* [Prompt]
Go through the entries and transcribe each one exactly, dropping the pictures.

[Opening Input records section]

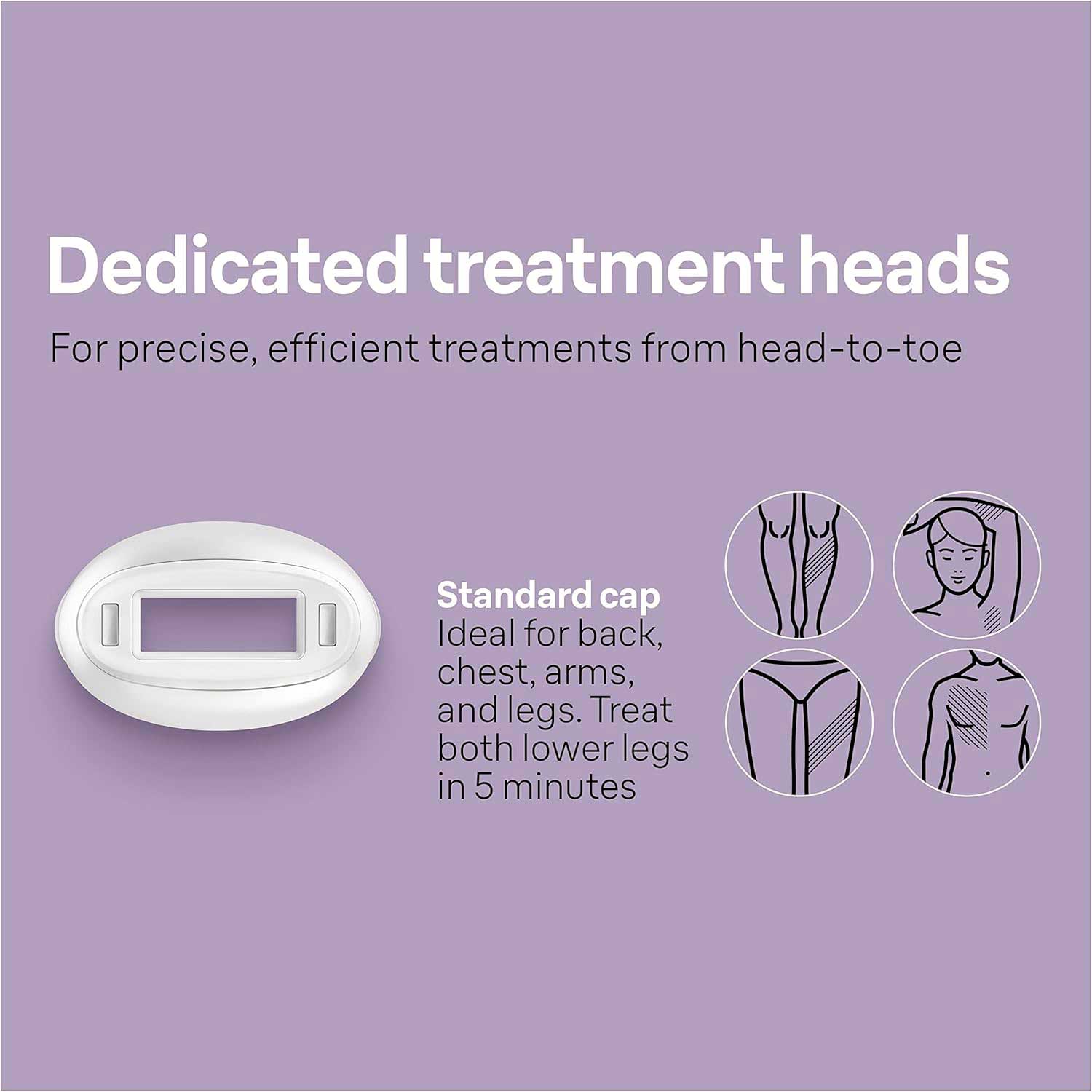 جهاز ازالة الشعر بالليزر براون برو 3 مناسب للاستخدام المنزلي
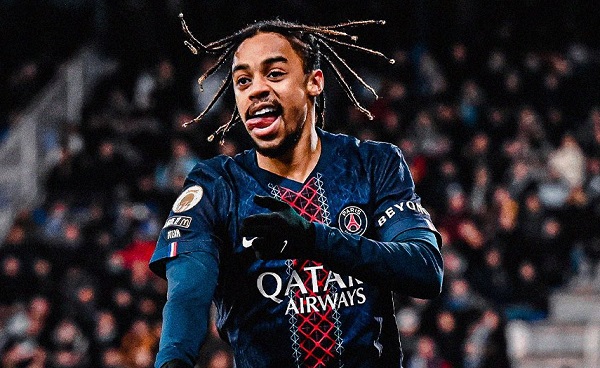 Barcola anotó el gol que le dio el triunfo al PSG. Foto: EFE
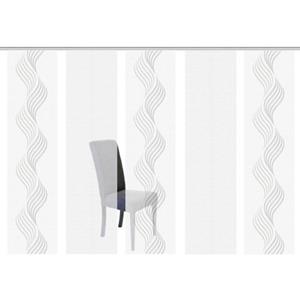 HOME WOHNIDEEN Schiebegardine "FELSIA 5er 1", (5 St.), HxB: 245x60, 5er Set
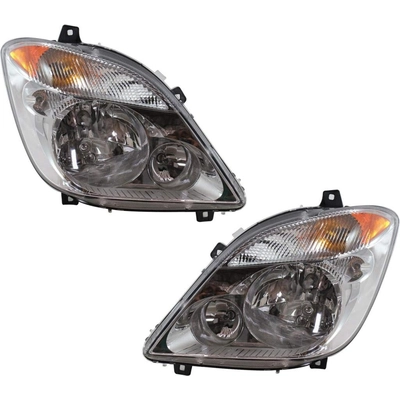Driver Side Headlamp Assembly Composite - MB2502191 pa1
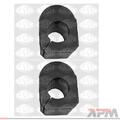 2x Sasic 4001539 Lagerung Stabilisator Vorne für Renault Clio II Clio I Thalia I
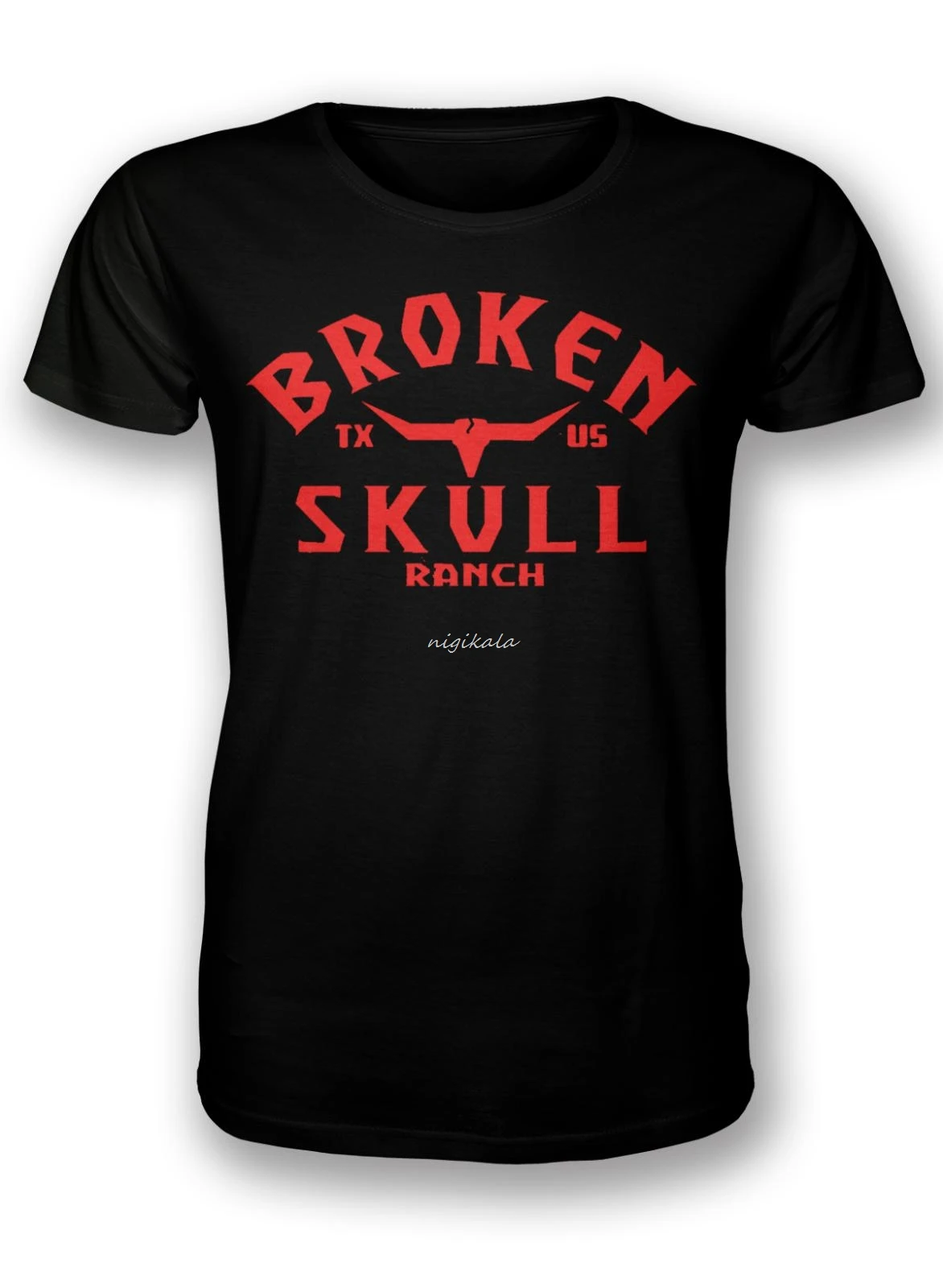

Broken Skull Ranch,Deer , Cold Steve Austin,wresting,Sleeve Shirts Fashion Top Tee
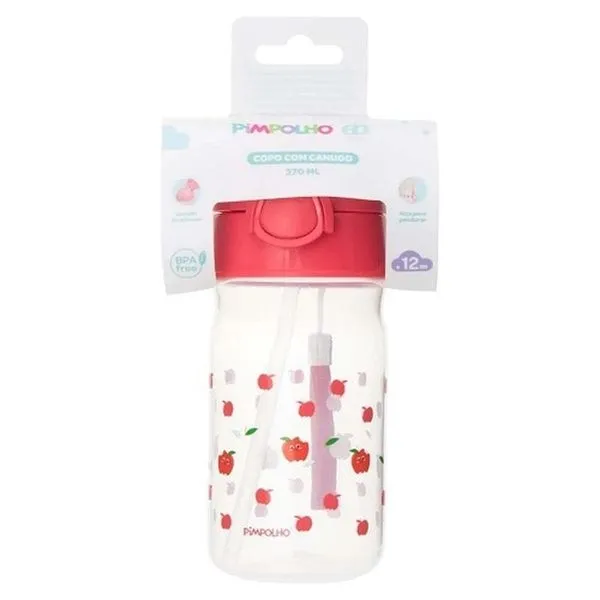 Copo Infantil Pimpolho 370ml Maçã Verde 94571 (MP)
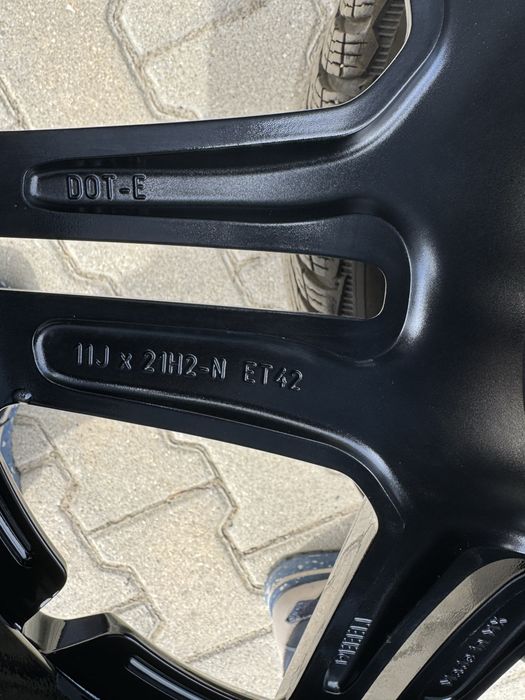 Оригинални Джанти 21" Цола AMG за Mercedes GLE GLS W167 X167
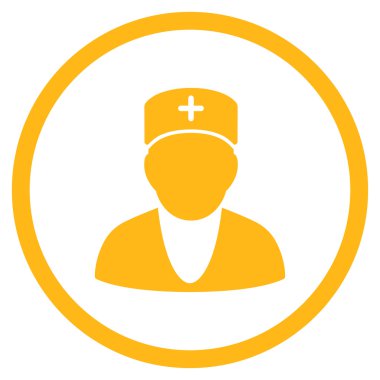 Doktor çember simge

[Closing Input records section]

* [Written response]
 جهاز ازالة الشعر بالليزر براون برو 3 مناسب للاستخدام المنزلي
 Barcola anotó el gol que le dio el triunfo al PSG. Foto: EFE
 HOME WOHNIDEEN Schiebegardine "FELSIA 5er 1", (5 St.), HxB: 245x60, 5er Set
Driver Side Headlamp Assembly Composite - MB2502191 pa1
 2x Sasic 4001539 Lagerung Stabilisator Vorne für Renault Clio II Clio I Thalia I

Broken Skull Ranch,Deer , Cold Steve Austin,wresting,Sleeve Shirts Fashion Top Tee
 Copo Infantil Pimpolho 370ml Maçã Verde 94571 (MP)
 Оригинални Джанти 21" Цола AMG за Mercedes GLE GLS W167 X167
 Doktor çember simge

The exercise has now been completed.